Orazio: Carmen Saeculare

Febo e Diana dea delle foreste,
splendido decoro del cielo, da venerare
e sempre onorati, esaudite le cose che desideriamo
in questi giorni solenni
in cui i versi sibillini prescrissero
che vergini e fanciulli scelti e puri
cantino un inno per gli Dei che hanno
cari i sette colli!
Sole divino, che sul cocchio luminoso dischiudi
e nascondi il giorno sempre nuovo e uguale
sorgi, e nulla maggior di Roma
Possa tu vedere!
Tu, che sai propizia fai schiudere i maturi parti
come conviene, Ilizia, e che proteggi le madri,
o che voglia essere chiamata Lucina
o Genitale.
O Diva, fa’ crescere la prole e
prospera i decreti dei Padri per le muliebri
nozze, e per la legge maritale di nuova
prole feconda,
onde il giro fissato di cento e dieci anni
riconduca i ludi e i cantici, affollati tre volte
nel chiaro giorno, e tre volte nella
notte gioconda.
Voi che veraci annunziaste, o Parche,
una volta per sempre ciò
che il fato disse, e ciò
che i sicuri eventi confermeranno, aggiungete
fati ai fatti antichi buoni già compiuti!
La terra fertile di messi e greggi
Offra a Cerere corone di spighe;
nutrano i frutti l’acque salubri
e le aure di Giove!
Placido e mite, ora che hai riposto il dardo,
ascolta, Apollo, i supplici fanciulli;
Luna, bicorne dea degli astri, ascolta
tu le fanciulle!
Se Roma è opera vostra, e se le schiere
Troiane approdarono all’etrusco
lido con l’ordine di cambiare dei e città
con un viaggio favorevole,
cui senza infamia tra le fiamme d’Ilio
il casto Enea, superstite della patria,
aprì un cammino libero per dare ai rimasti
sorte più grande,
Dei, date buon costume ai giovani sottomessi
e ai vegliardi placida quiete,
e date alla gente di Romolo la potenza,
la discendenza ed ogni gloria;
e quanto, offrendo bianchi buoi, l’illustre
sangue d’Anchise e Venere vi chieda,
egli l’ottenga, egli nell’armi altero,
mite col nemico vinto.
Già teme il Medeo la sua mano, potente
per terra e in mare, e le latine scuri;
già Sciiti ed Indi, poco fa ribelli,
chiedono leggi.
Già Fede e Pace, e Onore e il Pudore prisco
e la Virtù negletta osano tornare;
e già beata col suo corno pieno
viene l’Abbondanza.
Se Apollo, adorno dello splendido arco,
augure e amico delle nove Muse,
che ristora le membra stanche
con l’arte salutare,
guardi benigno i colli Palatini,
di lustro in lustro proroghi lo stato romano
ed il Lazio a tempi
sempre migliori,
e Diana, che possiede l’Algido e l’Aventino,
si curi delle preghiere dei quindecemviri
ed ascolti le suppliche dei giovinetti.
Io porto a casa la buona e sicura speranza
che Giove e tutti i Numi sentano questo,
io dotto nel cantare i canti di Febo
e le lodi di Diana.

BUON SOLSTIZIO!


Il Solstizio d’Inverno è il passaggio dalle Tenebre alla Luce e tale constatazione ha pervaso le celebrazioni attraverso i secoli.

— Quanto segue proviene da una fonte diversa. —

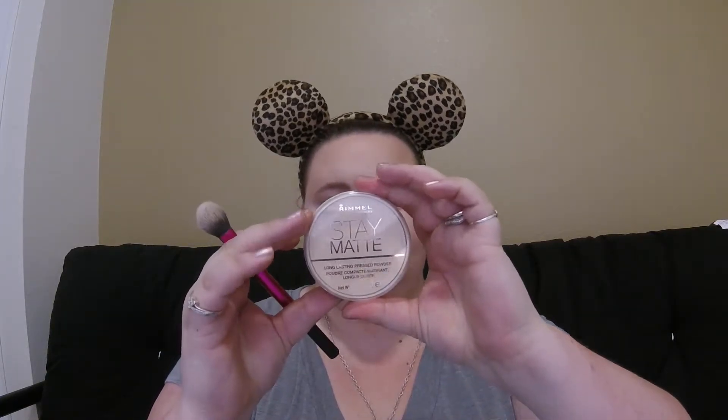Once you have that completely stippled into your face, you're gonna go in with a setting powder. Today we are gonna be using the Rimmel Stay Matte in transparent. I'm gonna use this for both my under eye and my whole face, but I'm gonna go in with a smaller brush — it is the Real Techniques setting brush — for under the eye. This just helps get in there and make sure that it will stay.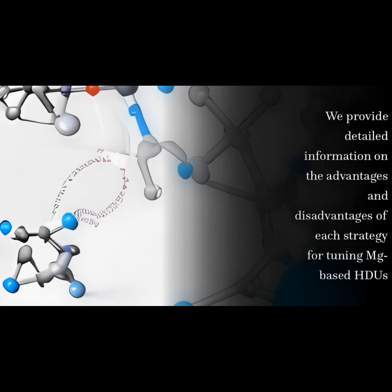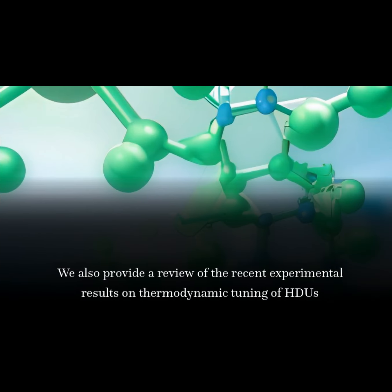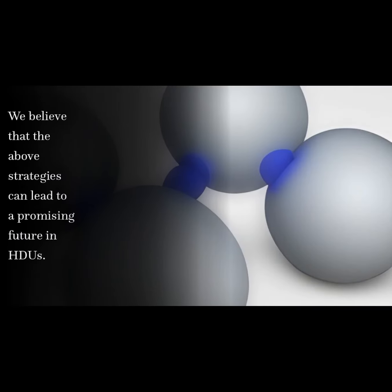We provide detailed information on the advantages and disadvantages of each strategy for tuning Mg-based HDUs. We also provide a review of the recent experimental results on thermodynamic tuning of HDUs. We believe that the above strategies can lead to a promising future in HDUs.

All’attesa puramente cerimoniale dei più e alla concentrazione pulita e speranzosa di molti che si limitano però alla categoria dualistica più volgare e dozzinale, si collega anche un’introspezione reale più selezionata. Nulla più del Solstizio dà il senso quasi tangibile del Solve et Coagula e nulla più del Solstizio d’Inverno detta una riflessione, un ripiegamento su di sé nel momento di trapasso, tra la morte della luce e la rinascita della luce: è quasi un morire a se stessi per rinascere purificati.
Per questo, oltre che per il momento astronomico assiale, nulla più del Solstizio d’Inverno ha espresso il momento cardine per ognuna delle funzioni delle civiltà normalmente tripartite.
L’ultima difesa della terra ha motivato i contadini, l’esiguità della luce e il suo tremore ha stimolato i sacerdoti, la prova intima e nuda con se stessi nel momento in cui tutto è messo in discussione, ha esaltato i guerrieri.
Il Sole rinascente ha unito e sublimato tutti.
Le culture tradizionali e guerriere riemerse nel XX secolo si sono cementate su questo piedistallo e, financo dopo l’avvento del potere globale antitradizionale e criminale che le stroncò, chi ad esse si è continuato a riferire ha mantenuto questa concezione vivificante e alcuni momenti comunitari solstiziali la cui importanza trascende la stessa consapevolezza di chi continua a viverli.